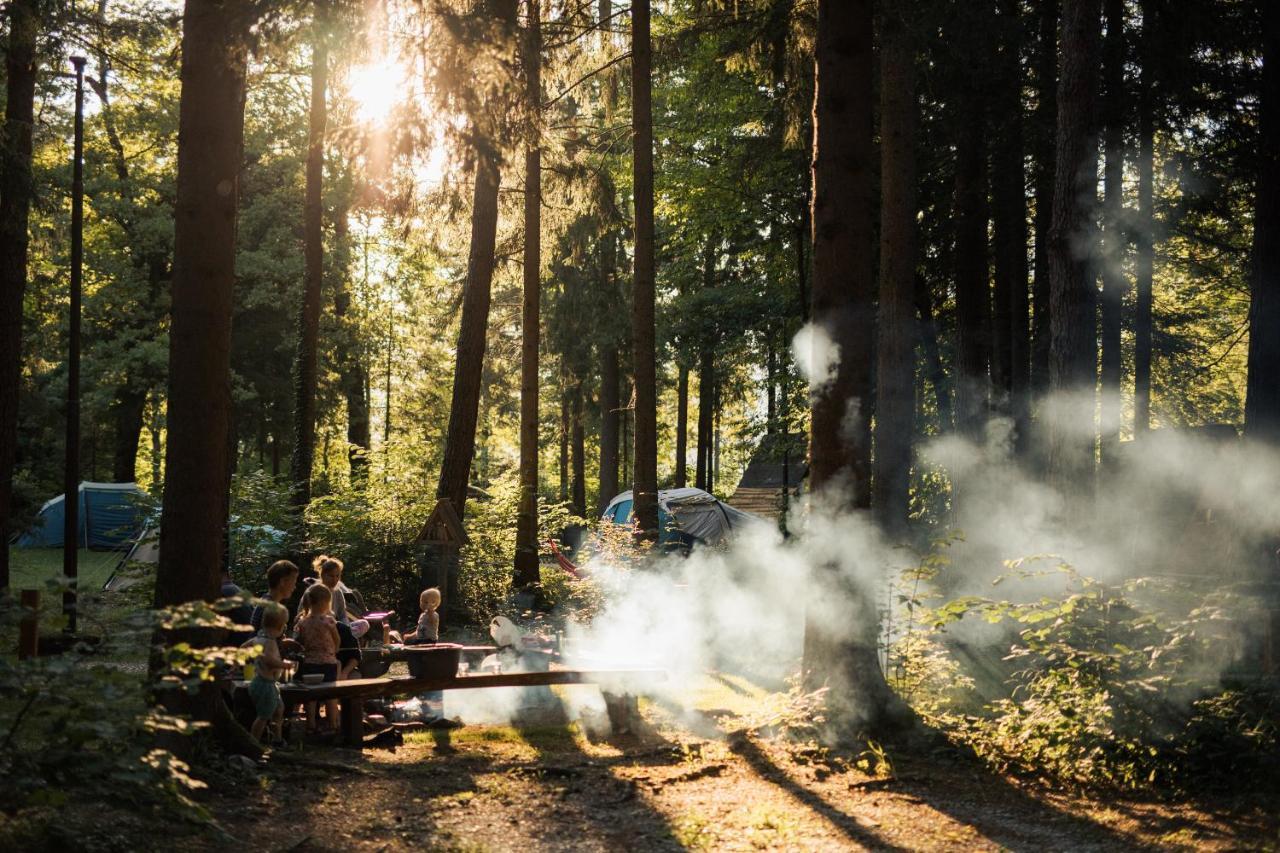 Campingplatz Forest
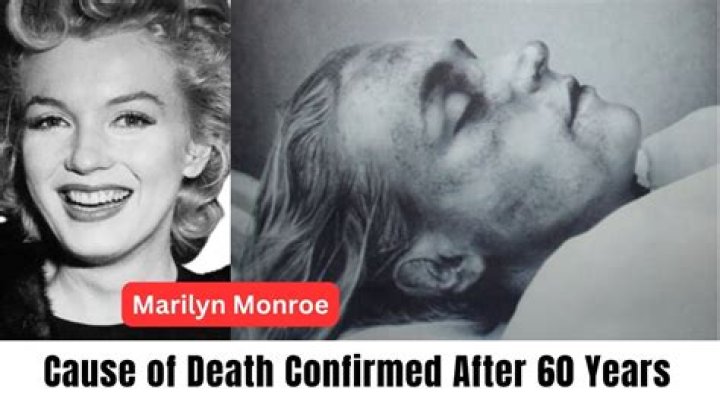 
Paige Heard Death – What Was The Cause Of Her Death? 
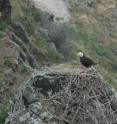 This photograph of a bald eagle was taken on the west end of Santa Catalina Island in 2008.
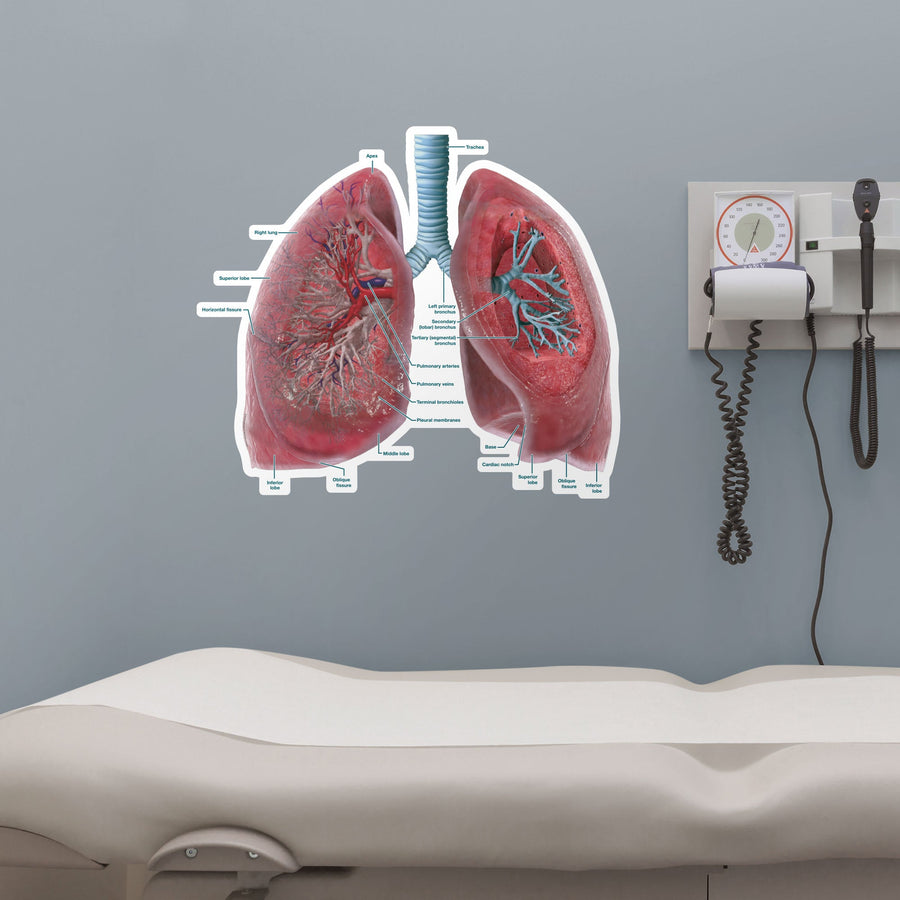 Body Part Chart: Lungs Cross-Section (Labeled)        -   Removable     Adhesive Decal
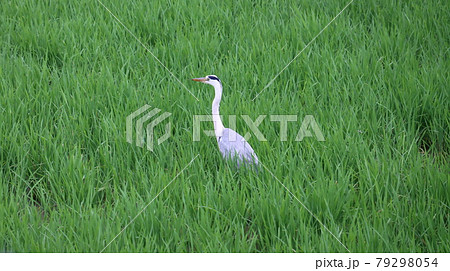 A wonderful view of a crane on the Dullegil of Wangsong Lake A wonderful view of a crane on the Dullegil of Wangsong Lake 79298054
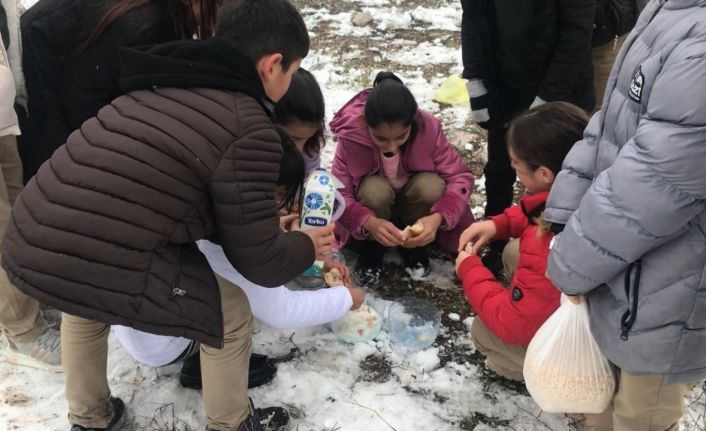 Öğrenciler kar sebebiyle aç kalan hayvanlar için doğaya yiyecek bıraktı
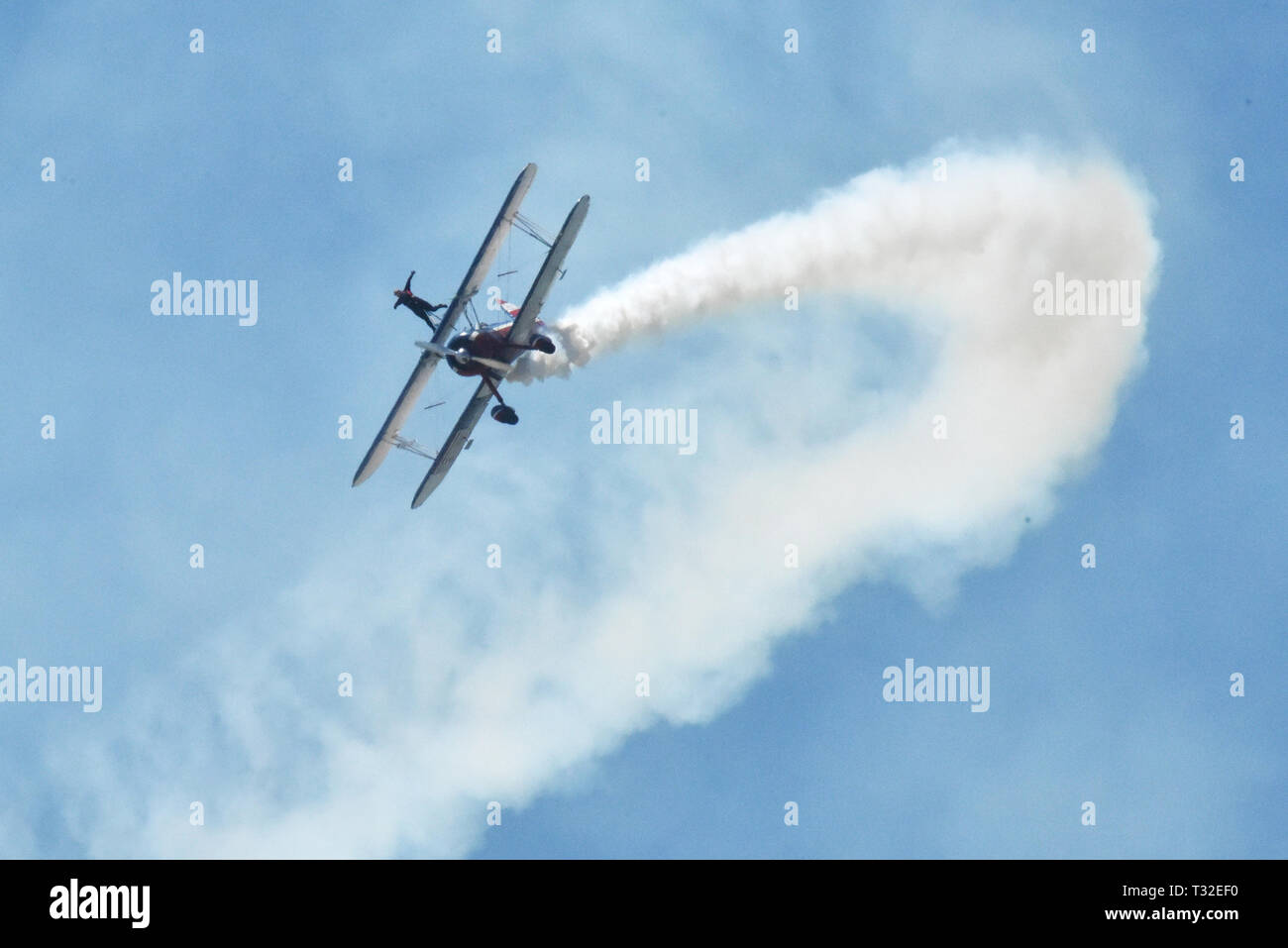 190330-N-KM 072-010 KEY WEST, Fla. (30. März 2019) Wing walker Ashley Shelton Posen auf dem Flügel von einem FM-2 Wildcat pilotiert von ihrem Ehemann, Greg, während der 2019 südlichsten Luft spektakuläre Air Show. Die Zweitägigen show 20.000 Zuschauer angezogen und präsentiert den Stolz und die Professionalität der US Navy. Naval Air Station Key West ist die State-of-the-art Facility für den Kampf Jagdflugzeug aller militärischen Services, bietet erstklassige pierside Unterstützung der U.S.- und ausländische Marineschiffe, und ist das Premier Training Center für die Oberfläche als auch die darunter liegende militärische Operationen. (U.S. Marine Foto von Da Stockfoto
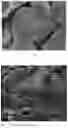 Fig. 02 - NEGATIVE ELECTRODE MATERIAL AND ELECTROCHEMICAL APPARATUS AND ELECTRONIC APPARATUS CONTAINING THE NEGATIVE ELECTRODE MATERIAL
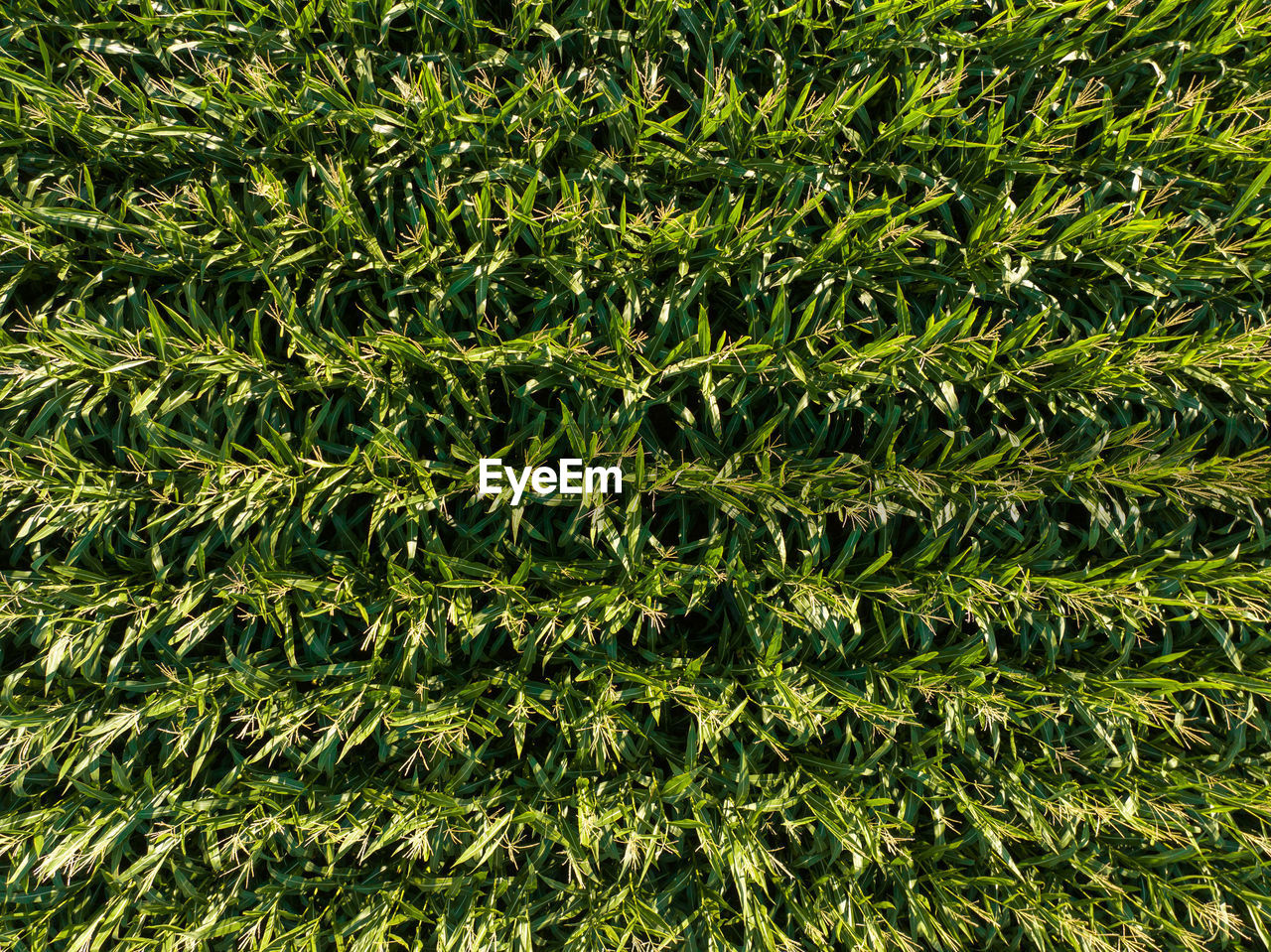 full frame shot of plants growing on field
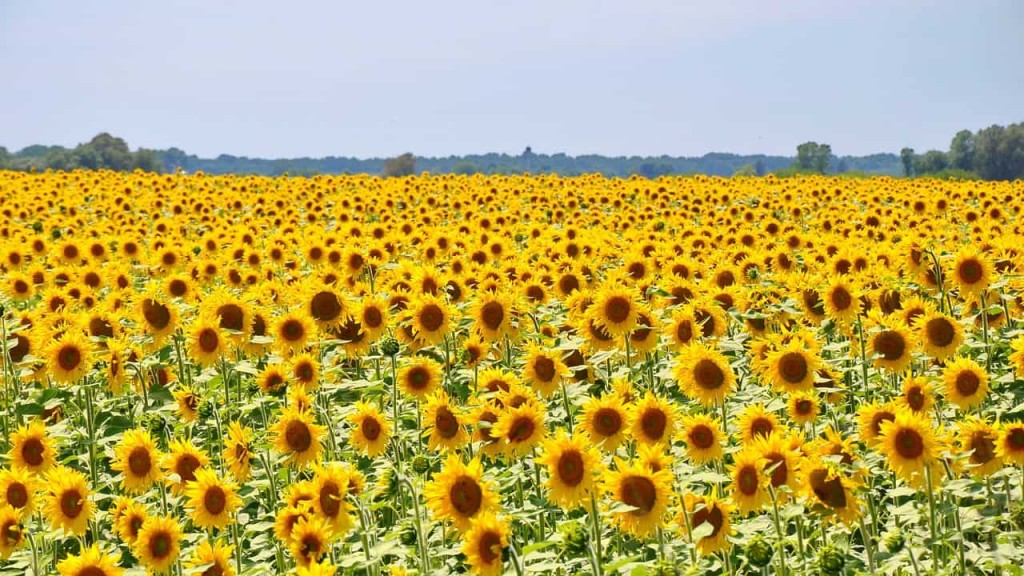 flor girassol (Helianthus annuus)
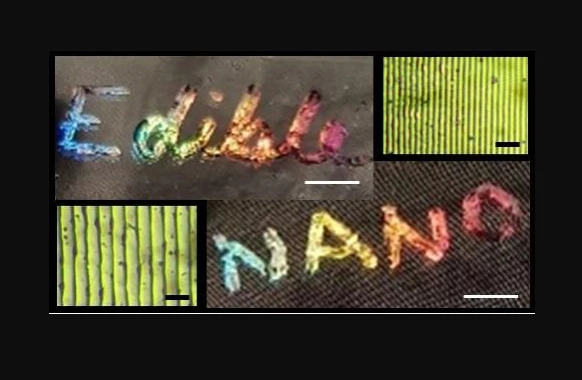 Examples of the team's edible holograms, along with microscope photos of the diffraction gratings
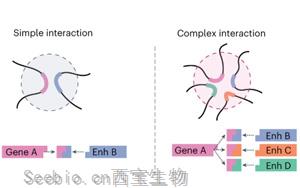 Nature Methods：研究復(fù)雜<font color='red'>基因</font>組相互作用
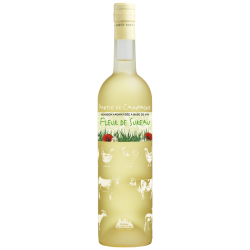 Partie de Campagne - BABV Fleur de Sureau DISTILLERIE DES TERRES ROUGES 12% - 75cl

* [ABOUT THIS EXERCISE] Copy exactly, and only, the lines from the first entry through the line holding "Öğrenciler kar sebebiyle", both ends included, leaving out every picture.

* [RESPONSE TO THE EXERCISE]
 Campingplatz Forest
Paige Heard Death – What Was The Cause Of Her Death? 
 This photograph of a bald eagle was taken on the west end of Santa Catalina Island in 2008.
 Body Part Chart: Lungs Cross-Section (Labeled)        -   Removable     Adhesive Decal
 A wonderful view of a crane on the Dullegil of Wangsong Lake A wonderful view of a crane on the Dullegil of Wangsong Lake 79298054
 Öğrenciler kar sebebiyle aç kalan hayvanlar için doğaya yiyecek bıraktı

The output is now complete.